The company's portfolio includes landmark projects such as Burj Azizi, set to become the world’s second tallest tower on Sheikh Zayed Road; Azizi Riviera, a 16,000-home French Mediterranean-inspired community in MBR City; Azizi Venice, a 36,000-home lagoon-centric development in Dubai South; and Azizi Milan, a master-planned community of over 81,000 homes along Mohammed bin Zayed Road. “Our focus is on creating fully integrated, sustainable and iconic communities that go beyond mere housing and truly enrich the lives of those who invest and reside there,” Azizi said.
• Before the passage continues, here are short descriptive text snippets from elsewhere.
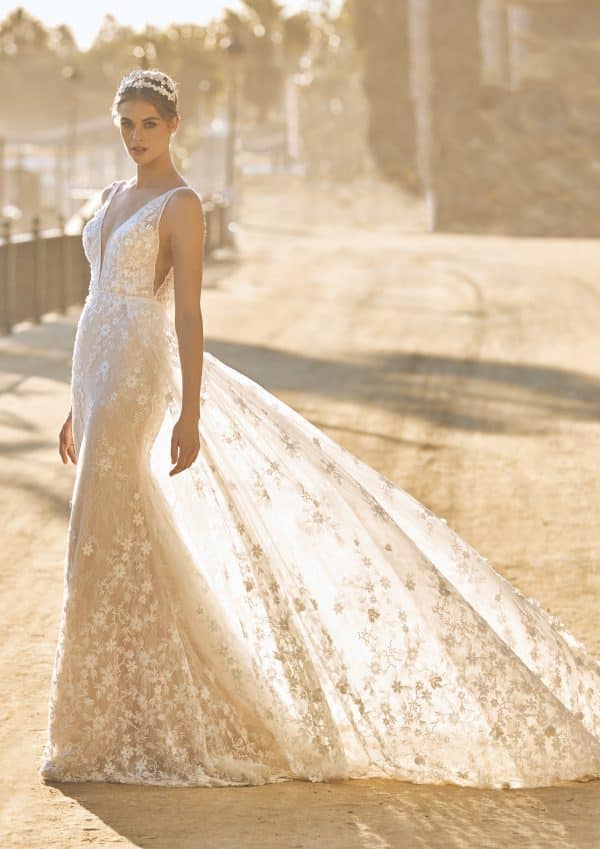 MARLI  Wedding Dress Pronovias collection 2023 | Paris Boutique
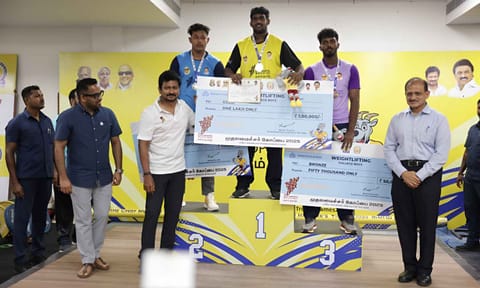 Deputy CM Udhayanidhi Stalin felicitating the college boys’ weightlifting winners&nbsp;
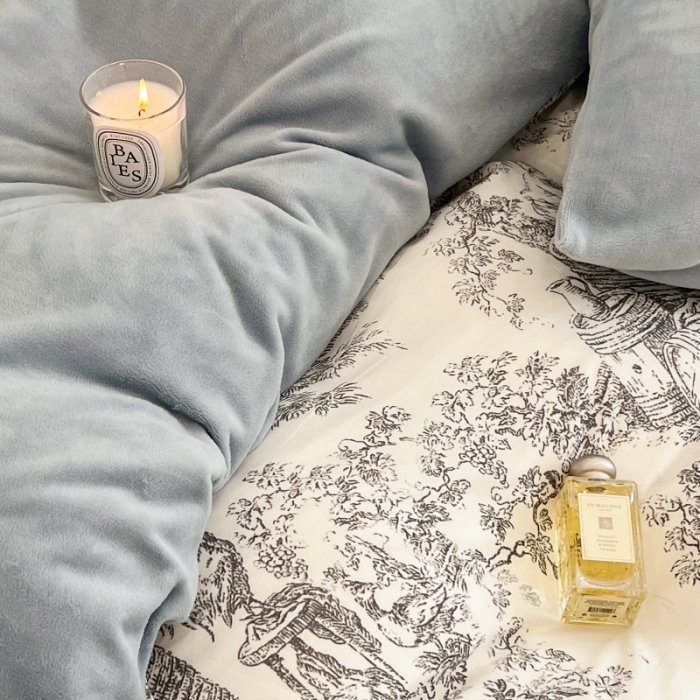 91家纺网 家纺一手货源 找家纺 昔可 2022新款梦幻公主风系列棉加绒印花四件套 水墨画灰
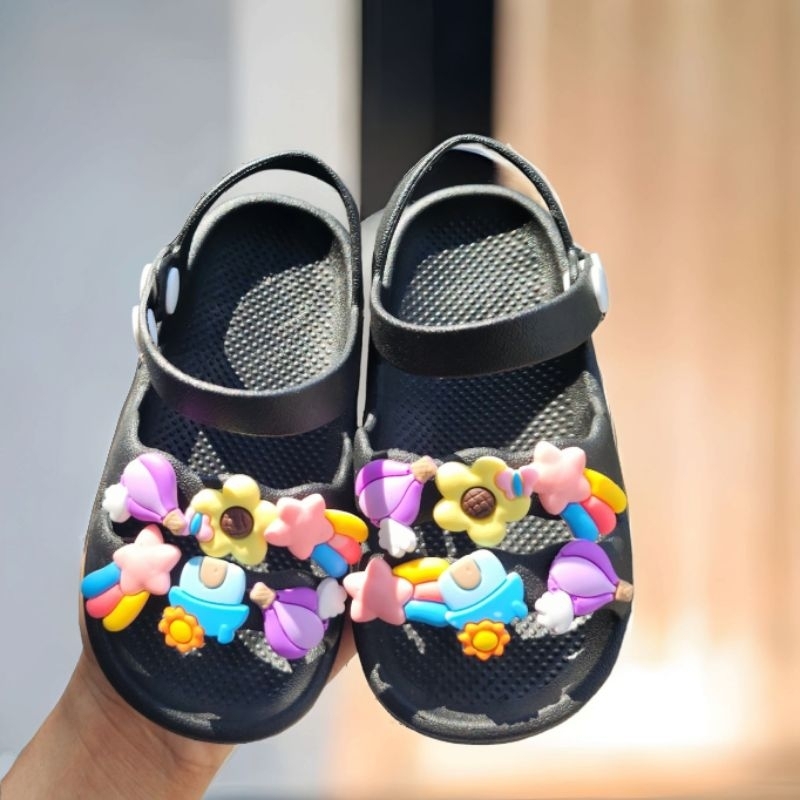 Giày nút cài chất liệu cao su siêu mềm cho bé gái đính kèm nhiều hình công chúa, ngựa cute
Property values in Dubai have skyrocketed 70 per cent in four years according to Knight Frank, now also drawing in big name global investors including wall street giants. The emirate has seen more office and hotel deals in the past 2 years than in the past decade combined. Complementing this is the UAE’s tourism boom, which contributed Dh257.3 billion (USD 70.1 billion) to the national economy in 2024—accounting for 13 per cent of GDP—as noted by the World Travel & Tourism Council (WTTC).
Dubai’s property market reached a new milestone in the first half of 2025, with 98,603 real estate transactions totaling Dh326.7 billion ($89 billion), marking its strongest half-year performance on record, as per the latest figures from fäm Properties.
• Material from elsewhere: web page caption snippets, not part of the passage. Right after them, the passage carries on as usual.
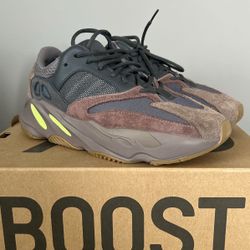 Adidas Yeezy Boost 700 Mauve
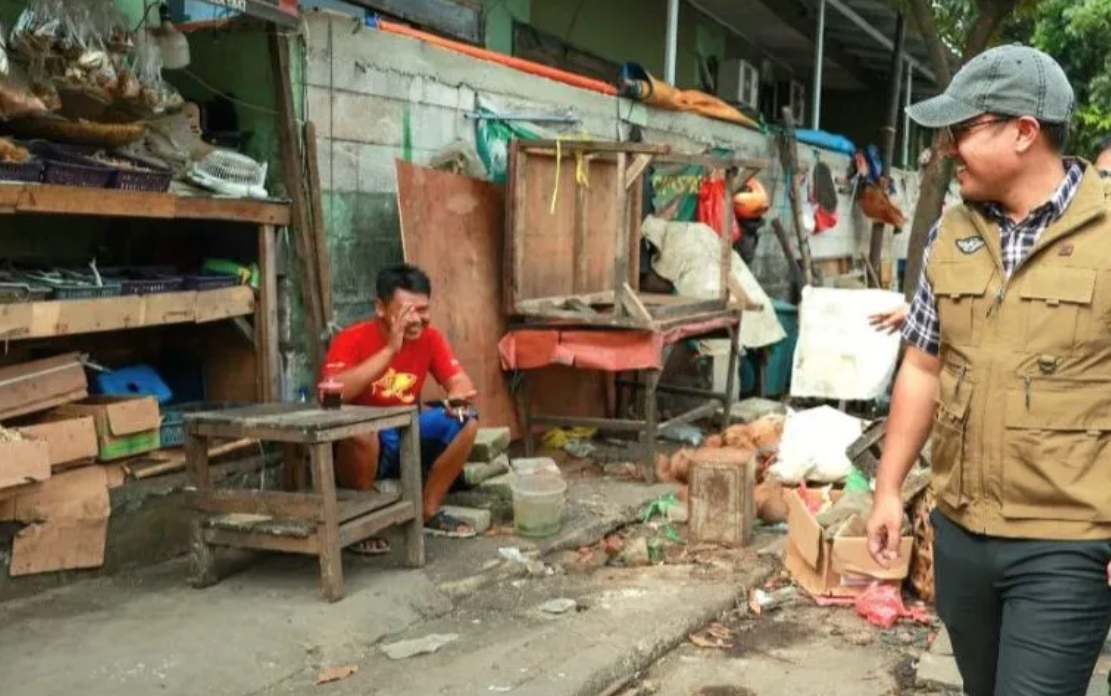 Tak Akan Kompromi, Pemkot Tangsel Tindak Tegas Pedagang di Pinggir Pasar Ciputat 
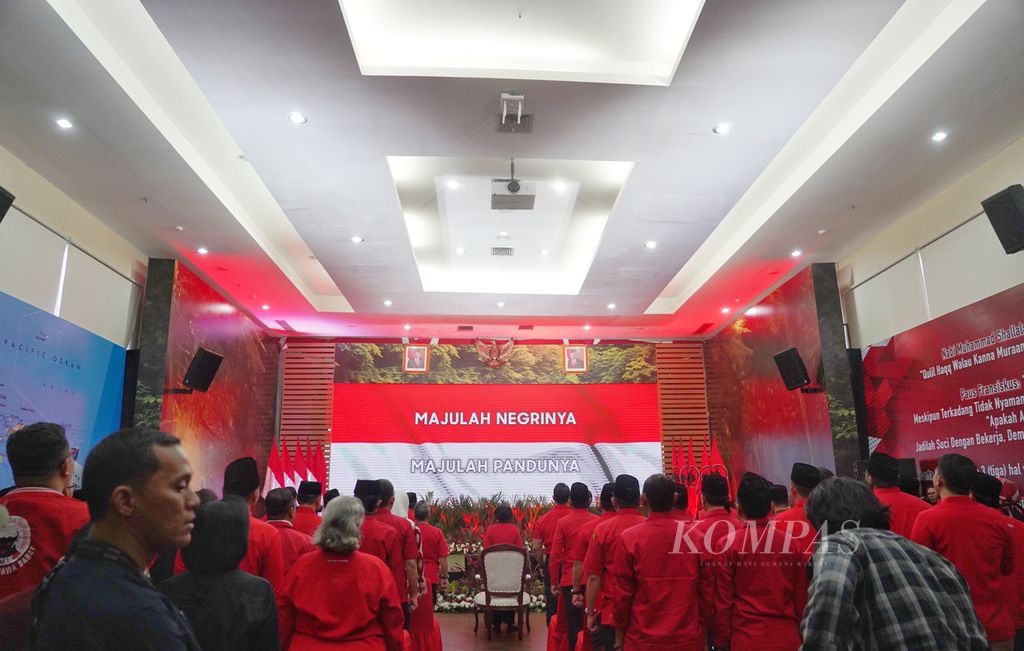 Suasana saat pengumuman bakal calon kepala-wakil kepala daerah yang diusung PDI-P dalam Pilkada 2024 di kantor DPP PDI-P, Jakarta, Senin (26/8/2024). 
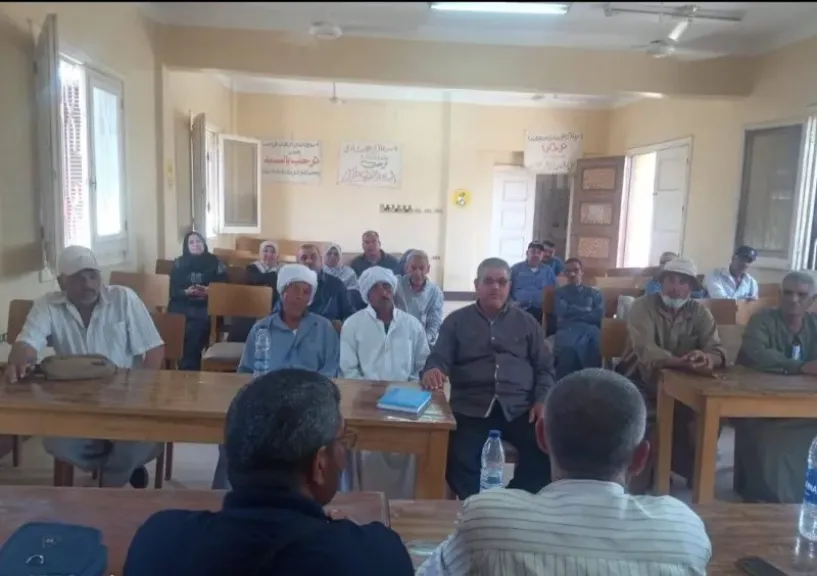 زراعة الشرقية:دوة إرشادية عن افات الذرة بالمركزالإرشادى منشأة بشارة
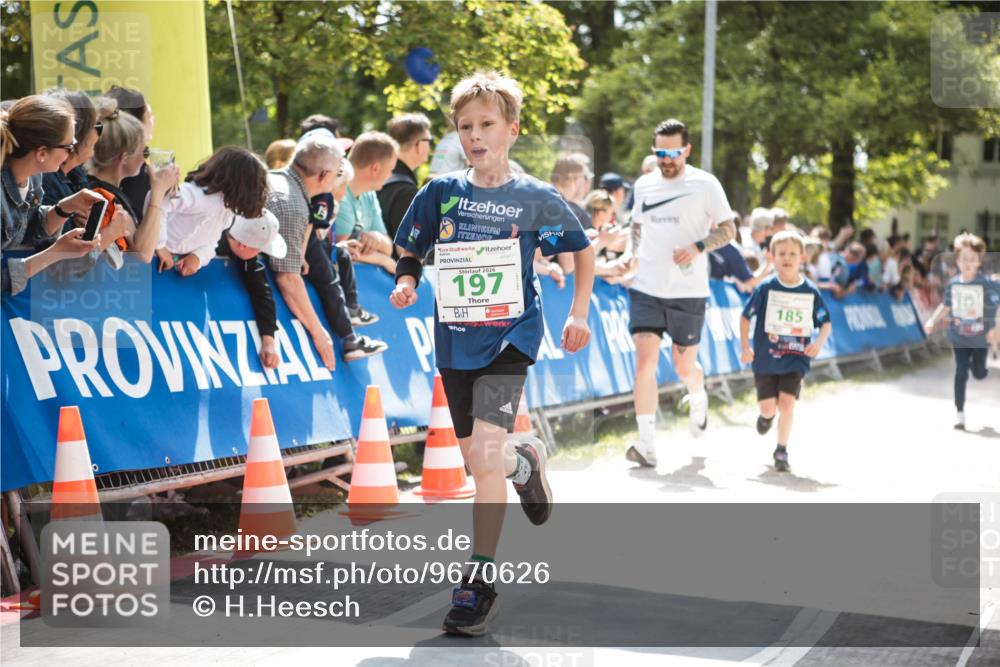 09.05.2026 - Störlauf H.Heesch http://msf.ph/oto/9670626 09.05.2026 13:27:06 Ziel 2026, 197, 185 meine-sportfotos.de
This year, Dubai has welcomed nearly 90,000 new residents in Q1, placing growing pressure on housing supply. Only 12,000 new homes were delivered in that period, fueling further increases in both prices and rents. This widening gap between supply and demand highlights strong market fundamentals and presents a compelling case for continued residential development and investment. According to the latest data from Dubai Land Department, the UAE real estate sector is projected to witness an 80 per cent increase in delivered units this year compared to 2024, helping to satiate the surging demand.
Farhad Azizi - Group CEO of the Azizi group of companies
“Dubai’s property sector will continue to thrive. This is driven primarily by the city’s many merits, with it being the best place to visit, live and work in. Its world-renowned safety, outstanding legal and regulatory framework, welcoming, tax-free, opportunity-rich and highly business- and investment-conducive environment, and its status as the world’s most popular tourist destination, all contribute to the surging population (expected to hit 5.8 million by 2040) and visitors, and as such, to the exponentially growing popularity of real estate here,” Azizi said. Minor price corrections may take place in the remaining months of 2025 or beyond, as part of any healthy market cycle, but these will be overshadowed by the mid- to long-term upward trajectory in property values, he added.
The company is actively exploring and working on blockchain-based innovations, including tokensiation, for its projects. “Tokenization is a natural progression in an industry that’s rapidly evolving to become more safeguarded, accessible, transparent, and technology-driven. By turning real estate assets into digital tokens on a blockchain, the industry also opens its doors for a broader range of investors to participate—making ownership more inclusive while transactions are becoming more efficient. Tokenization has the potential to simplify traditionally complex processes, entails lower barriers to entry, and builds greater trust through secure, transparent records and transactions. “I see tokenization becoming a fundamental part of how property is bought, sold, and held—particularly in forward-thinking cities like Dubai that are setting the pace for digital transformation in real estate. Moreover, we are also engaging in strategic partnerships that enable secure cryptocurrency payments, particularly in markets where digital assets are gaining traction,” Azizi said.
Beyond the UAE, Azizi has set sights on international markets as well, with the recent launch of its first project in Germany. “With our first project in Germany, which was a test-run in one of the most stable and mature European markets, already successfully having been completed and handed over, and a project in France currently being underway, we are also exploring other lucrative markets, including the UK where will soon be launching 5-6 high rise towers in Central London, in a prime area right on River Thames, with more than 1.5 million square feet of net sellable area, Australia, Canada and the US, amongst others,” Azizi said.